Pot-smoking teens may not be dooming themselves to a destiny of dim-wittedness, a new review suggests.
The memory and thinking abilities of teenagers do not appear to be as strongly affected by heavy marijuana use as previously suspected, according to an evaluation of data from dozens of previous studies.
Further, intellectual effects that do crop up from frequent pot use appear to wear off soon after a teenager stops partaking, researchers report.
However, this study only looked at the short-term intellectual effects of heavy pot use, not use for many years, which could have a significant detrimental impact, experts said.
Study said lead researcher J. Cobb Scott said that after 72 hours of abstinence, the memory and thinking deficits of heavy users diminishes to the point of insignificance when compared against the intellectual capacity of nonusers. He is a neuropsychologist with the University of Pennsylvania's Perelman School of Medicine in Philadelphia.
"The length of abstinence was associated with how big the effect size was," Scott said. "We don't know if three days is a perfect cutoff for this. We don't know the maximum point at which abstinence might benefit cognitive functioning."
It's still unknown whether smoking pot for decades could lead to deeper and more persistent declines in mental ability, Scott said. Teens also might be at increased risk of other potential problems linked to marijuana use, such as psychosis or addiction, which were not examined in this review.
"The more you use cannabis, the more likely you are to have problems with cannabis, just like any other substance," Scott said.
For the review, Scott and his colleagues pooled data from 69 studies involving more than 2,100 pot users. The ages of participants ranged from 18 to 30 in most of the included research.
The scientists found there were detectable differences in mental ability between heavy pot users and nonusers, "but they were smaller than expected," Scott said.
"It's considered a small difference between groups, so the clinical significance of that is kind of questionable," Scott said. "It does raise a question of how big are these differences in a practical sense, and what those differences mean in someone's life."
The researchers also found that risk of damage to memory and thought did not vary based on age. "Adolescents were not at heightened risk compared to young adults," Scott said.
And finally, the study found the intellectual effects of pot smoking tended to fade when teens stopped using.
The findings were published April 19 in the journal JAMA Psychiatry.
"It's somewhat refreshing to see that, after a period of abstinence, it may not have the same impacts as what we thought," said Dr. Scott Krakower, assistant unit chief of psychiatry at Zucker Hillside Hospital in Glen Oaks, N.Y. He was not involved in the study.
These findings likely apply to "the majority of users of cannabis," Scott said. "Most people who use cannabis don't use it heavily for 20 years."

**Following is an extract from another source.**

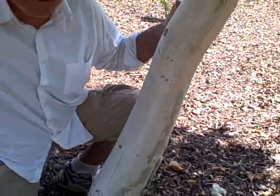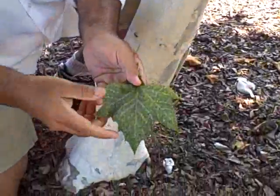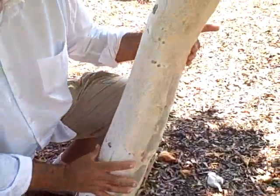Its leaves have some variegation — I'll grab one of these leaves off here. If you love this beautiful white trunk and you have a darker colored brick building, this thing is going to really show up.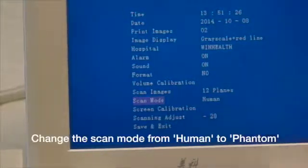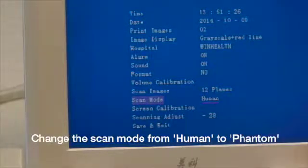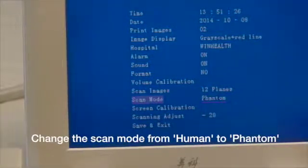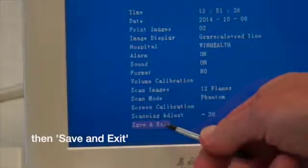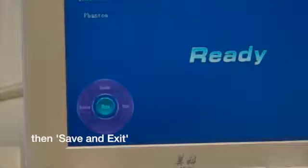You enter the menu screen, select the Scan Mode, then select Human and change it to Phantom by means of the keyboard. Then go down to Save and Exit, and that sets the machine up ready for calibration.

But it's still an open question whether teens who continually smoke cannabis heavily for years will have ongoing problems with their ability to remember and reason, Scott said.
"It's important to think about the much longer-term effects of heavy use of cannabis, which this analysis doesn't tell us that much about," Scott said.
Experts have been concerned that teenage brains are still developing, and heavy pot use could alter their neurology in key ways that will affect their future ability to think and reason.
This review does not clear up those concerns completely, because it shows that there are detectable effects between pot smokers and nonusers, Krakower said.
"They're saying basically there's not maybe as large of a difference in cognitive functioning, but they're still saying there is potentially some cognitive dysfunction," Krakower said. "Even the smaller changes in cognitive function can still have long-lasting impacts on younger adults and adolescents."
Additionally, it's tough to gain knowledge from reviews like this because the researchers are combining data from vastly different studies, which used different ways to measure mental ability and to judge the frequency of pot use, Krakower added.
"It's hard to make an interpretation based on all of this," he concluded.